Pon 25 Wrz 2017, 23:03
Меня зовут
Gana Ivanovna Kuragina



DATA URODZENIA: 25.06.1974 / NAZWISKO MATKI: Gárdonyi / WIEK: 24 lat
MIEJSCE ZAMIESZKANIA: Petersburg, Rosja / STATUS KRWI: błękitna
STAN MAJĄTKOWY: majętny / ZAWÓD: dziennikarka i detektyw / KORGORUSZ: szczur


ALCHEMIA: 5 / FAUNA I FLORA: 5 / LECZNICTWO: 5 / MAGIA KREATYWNA: 5
MAGIA ZAKAZANA: 5 / OKULTYZM: 5 / SIŁA: 15 / TRANSFIGURACJA: 5
WIEDZA MAGICZNA: 30 / ZAKLĘCIA I UROKI: 5 / SZCZĘŚCIE: 20 / TALENT: 15


Gana była pierwszym dzieckiem i jedyną dziewczynką z trójki dziatek Ivana Kuragina i Anny z domu Gárdonyi . Urodziła się zdrowa, a poród przebiegł bez żadnych komplikacji nie zapowiadając jej przekleństwa.
Problemy zaczęły się, gdy dziewczynka weszła w wiek, w którym talent magiczny zaczyna się objawiać. Na szczęście w okolicy wtedy znajdował się sam ojciec. Dumny tata postanowił pokazać jakąś ciekawą sztuczkę Ganie, kiedy zaklęcie z niewiadomych wtedy względów zmieniło swe właściwości i nie dość, że podpaliło dywan na ścianie to jeszcze pozbawiło ojca nogi. Biedny Ivan chodzi do tej pory z drewnianą protezą z braku zaufania do mugolskich wynalazków.
To dość nieprzyjemne w skutkach wydarzenie i parę robionych na szybko testów wykazało, że pierworodna jest obstaculusem. Jednakże Kuraginowie nie wyrzekają się tak łatwo swoich dzieci.
Przez dłuższy czas podejrzewali, że przypadek ich córki może być wynikiem klątwy - nie szczędzili więc pieniędzy na sprawdzenie tego w każdym aspekcie. Dziewczyna do tej pory pamięta jak do ich domu przychodzili dziwni ludzie machający przy niej wahadełkami tylko po to, by nic nie znaleźć i stwierdzić, że to głupota. I choć Gana chciała wierzyć, że to wynik klątwy wraz z upływem czasu ta nadzieja z niej uciekła.

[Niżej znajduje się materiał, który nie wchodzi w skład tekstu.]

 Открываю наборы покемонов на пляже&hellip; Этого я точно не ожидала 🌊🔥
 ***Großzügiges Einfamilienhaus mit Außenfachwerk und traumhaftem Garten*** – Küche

Nikt nie odkrył przyczyny problemu.

Życie jednak biegło dalej, a ruda arystokratka trafiła do Koldovstoretz, gdzie - ze względów bezpieczeństwa - uśpiono jej moce, zabrano różdżkę i uczono niczym charłaczkę, pozwalając jednak przebywać na wykładach i ćwiczeniach magicznych z normalnymi uczniami. Pozwoliło to córce Ivana w dużej mierze poznać nieźle teorię, jednakże praktyka… Z tym u niej zawsze było tragicznie, ale czy można oczekiwać mistrzostwa w czarach w jej sytuacji?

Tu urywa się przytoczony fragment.